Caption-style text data
◇ ◇ ◇
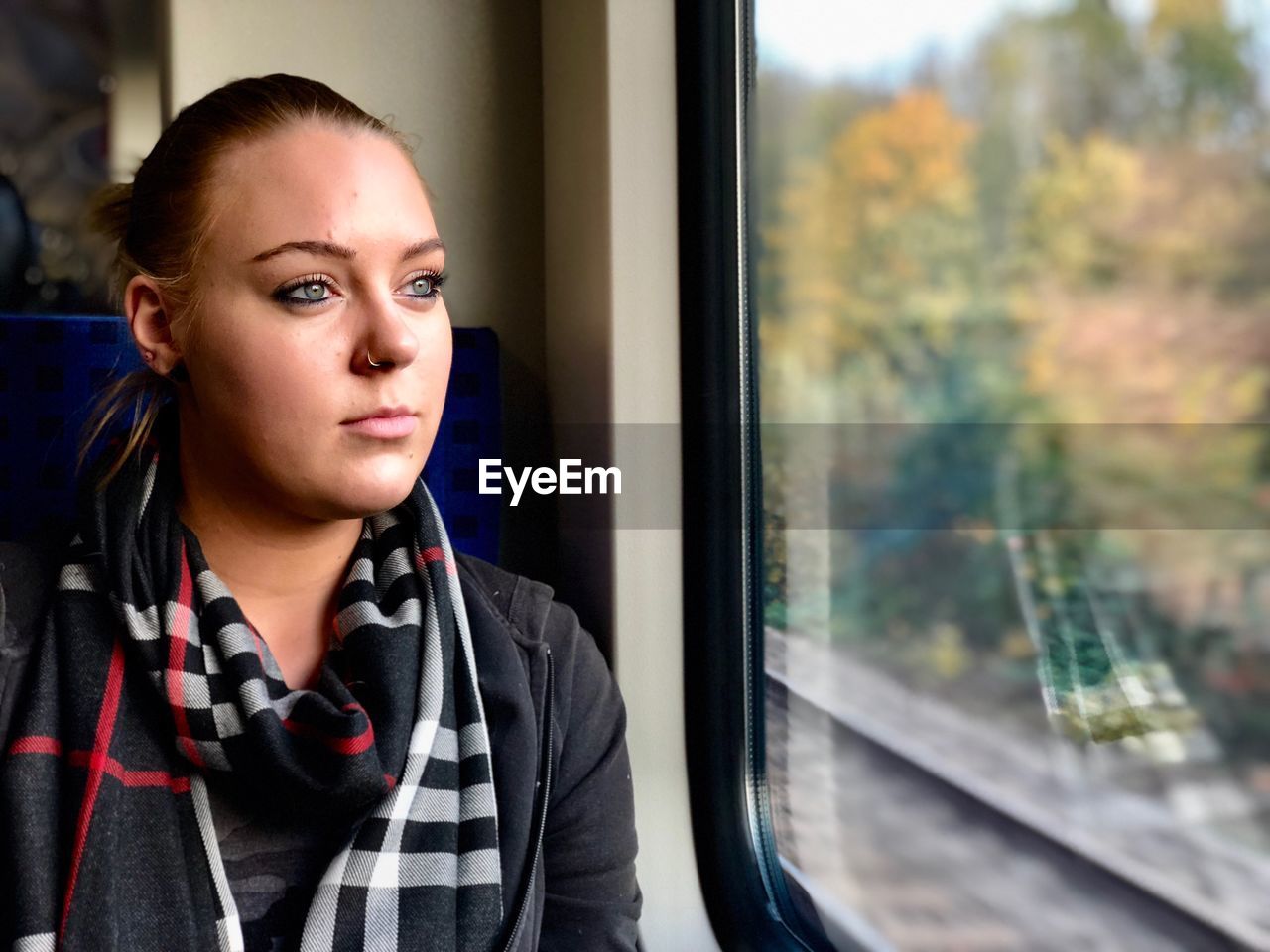 Young woman sitting in train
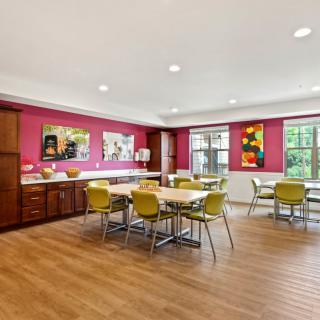 A modern dining area with colorful walls, contemporary furniture, and artwork displayed on the walls.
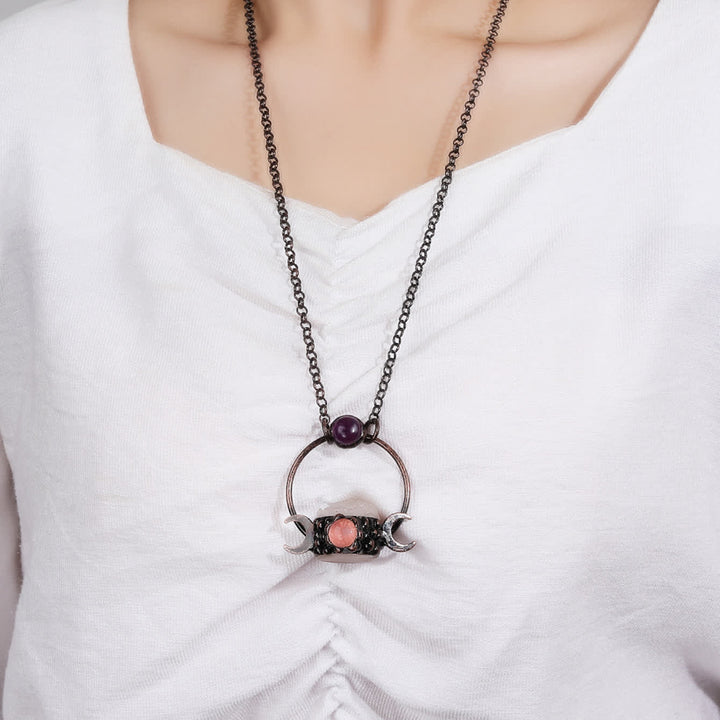 Collana Olivenorma con ciondolo a doppia luna in metallo e quarzo trasparente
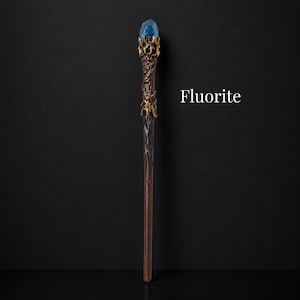 May include: A wand featuring a dark brown, twisted handle and a gold-colored metal crown at the top. A blue, translucent, rough-cut crystal is set within the crown. The word Fluorite is printed in white text to the right of the wand.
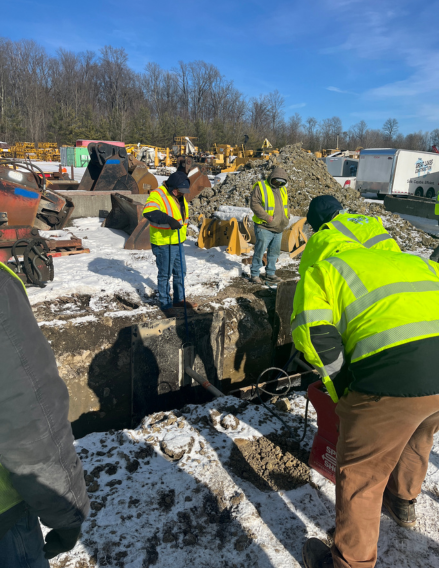 Construction crew in neon vests standing around a deep trench with dirt and concrete, snow on the ground and heavy equipment nearby.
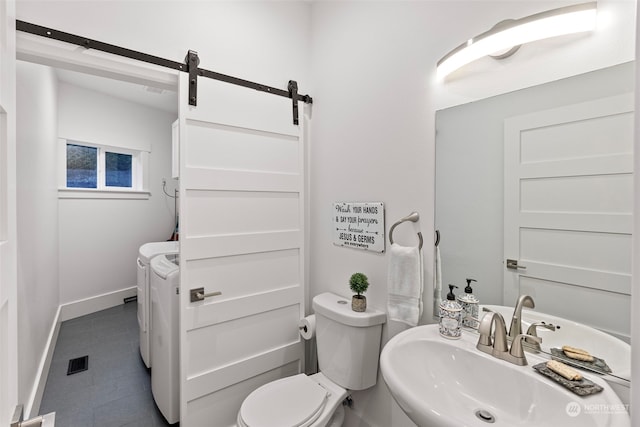 bathroom with toilet, sink, and independent washer and dryer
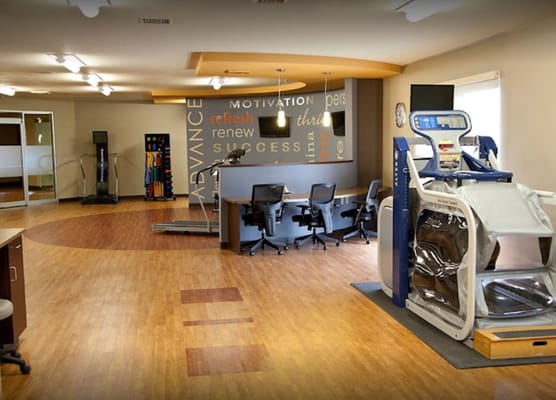 Therapy room with exercise equipment and desks at Sapphire Center.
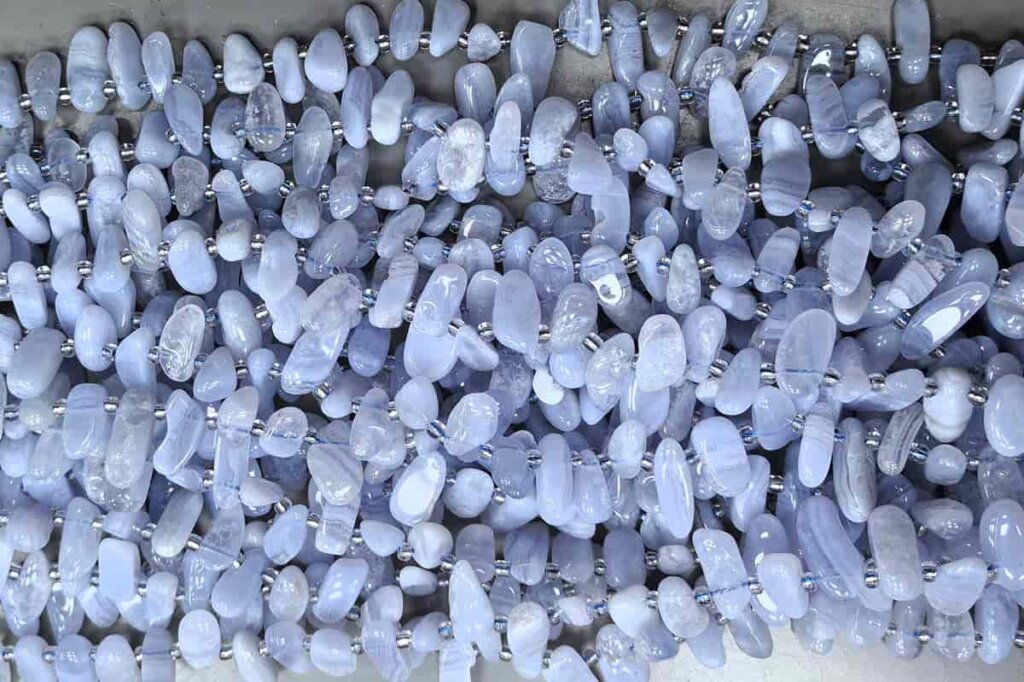 Blue Lace Agate beads showing Blue Lace Agate Meaning in jewelry designs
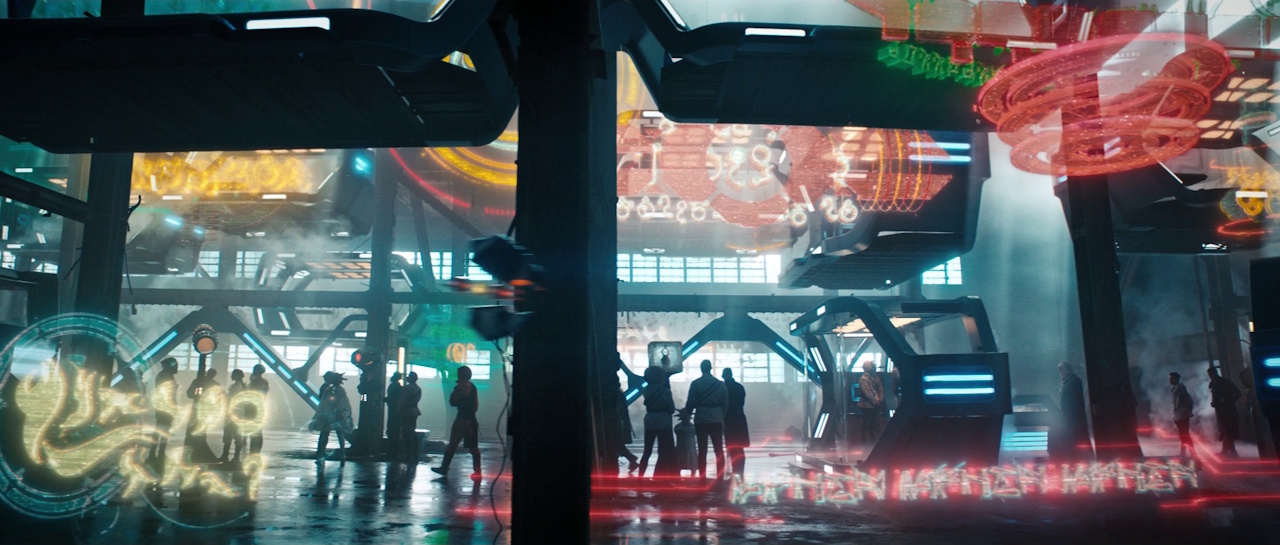 Still frame from Star Trek: Discovery Season 3 showing an alien marketplace.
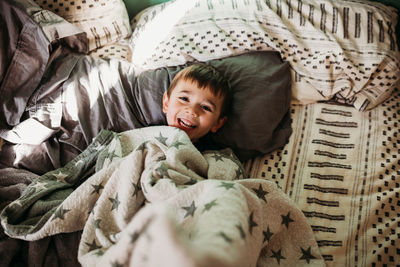 Portrait of cute baby lying on bed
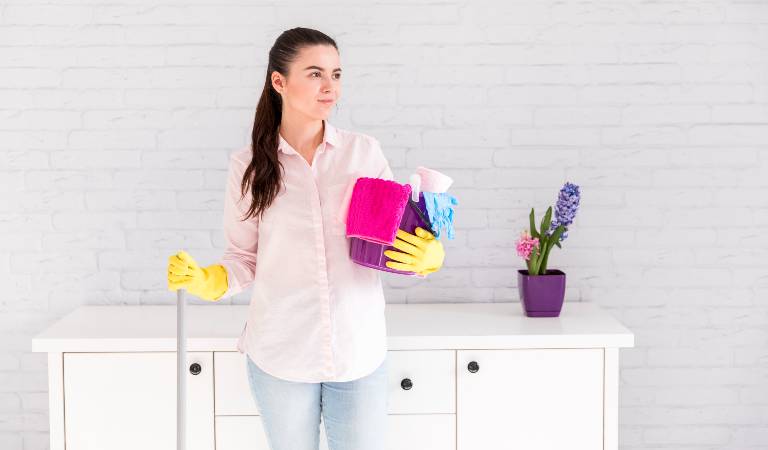 Woman in yellow glove holding a basket filled with tools products.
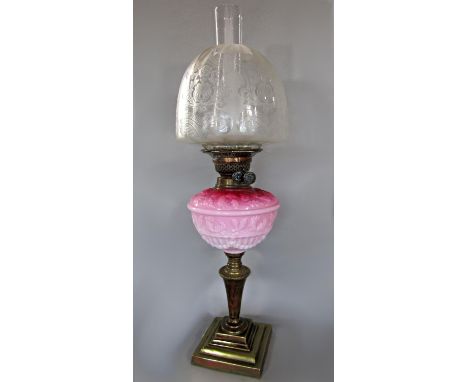 Early 20th century brass and milk glass oil lamp, with tapered beaded column and stepped square base, 64cm high including flu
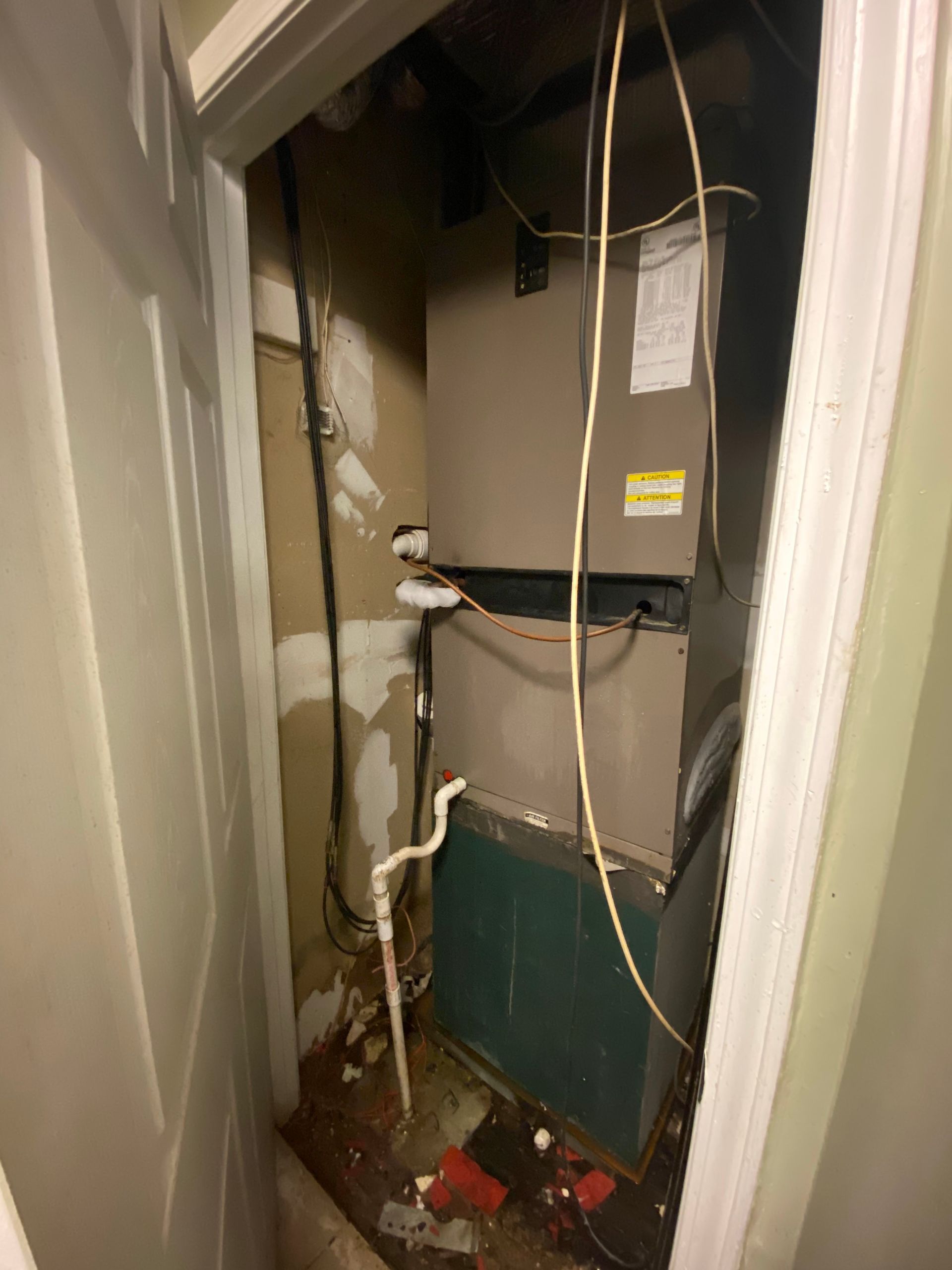 A vertical HVAC unit in a small, unfinished closet with exposed wiring and PVC piping.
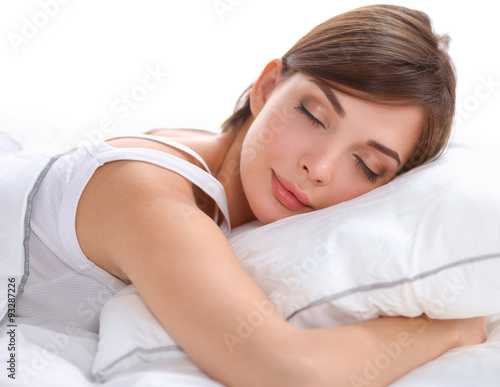 Beautiful girl sleeps in the bedroom, lying on bed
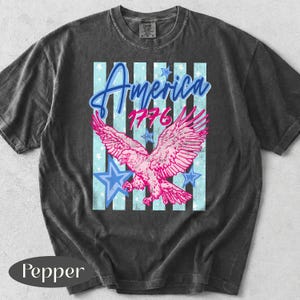 Puede incluir: Camiseta gris oscuro con un &aacute;guila rosa y el texto "America 1776". El dise&ntilde;o incluye estrellas azules y rayas verticales. La camiseta tiene un aspecto vintage y desgastado.
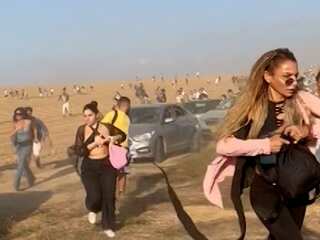 Video shows music festival attendees fleeing site amid attack by Hamas militants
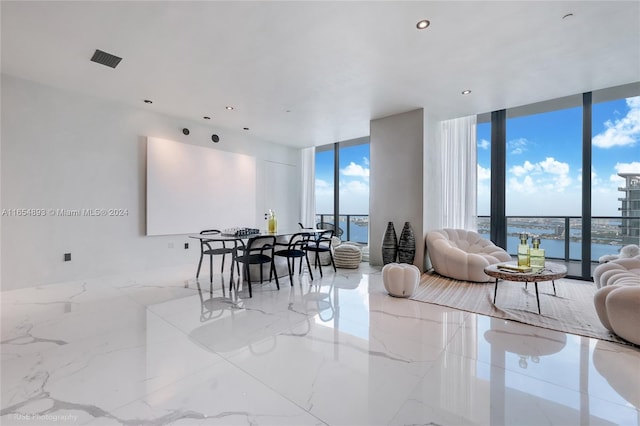 dining space featuring a water view and a wall of windows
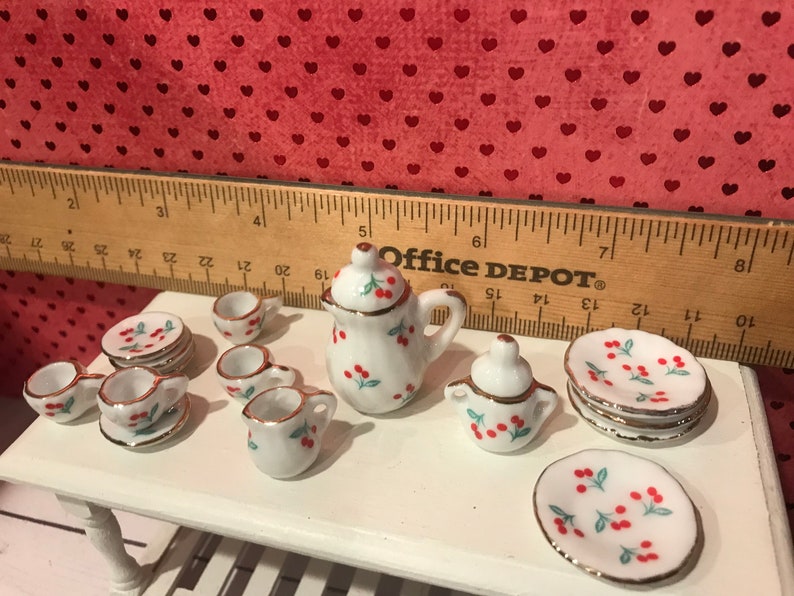 Puede incluir: Un juego de t&eacute; en miniatura con estampado de cerezas que incluye una tetera, una jarra de crema, un azucarero, tazas y platillos. El juego es blanco con cerezas rojas y hojas verdes.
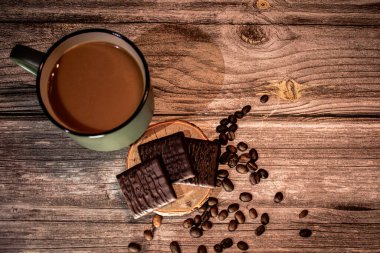 Etrafı dağınık fasulyelerle çevrili, ahşap bir bardak altlığın üzerinde koyu çikolata kareleri olan bir fincan kahve. Kırsal ahşap ve sıcak ışık hoş, davetkar bir atmosfer yaratır..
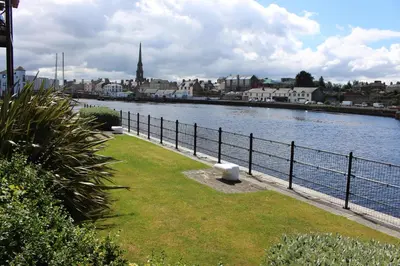 a river with a fence next to a body of water at Riverside Apartment in Ayr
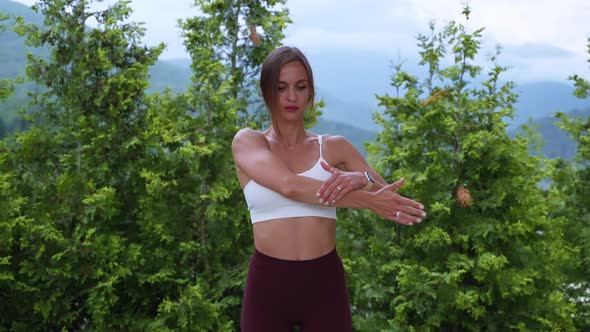 Female Athlete Doing Warmup Arm Stretching in Open Air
◇ ◇ ◇
■ **ASSIGNMENT**
Pictures are to be dropped; the lines from the start of the entries above through the line with "Woman in yellow" are to be given again verbatim.

■ **ANSWER**
 Young woman sitting in train
 A modern dining area with colorful walls, contemporary furniture, and artwork displayed on the walls.
 Collana Olivenorma con ciondolo a doppia luna in metallo e quarzo trasparente
 May include: A wand featuring a dark brown, twisted handle and a gold-colored metal crown at the top. A blue, translucent, rough-cut crystal is set within the crown. The word Fluorite is printed in white text to the right of the wand.
 Construction crew in neon vests standing around a deep trench with dirt and concrete, snow on the ground and heavy equipment nearby.
 bathroom with toilet, sink, and independent washer and dryer
 Therapy room with exercise equipment and desks at Sapphire Center.
 Blue Lace Agate beads showing Blue Lace Agate Meaning in jewelry designs
 Still frame from Star Trek: Discovery Season 3 showing an alien marketplace.
 Portrait of cute baby lying on bed
 Woman in yellow glove holding a basket filled with tools products.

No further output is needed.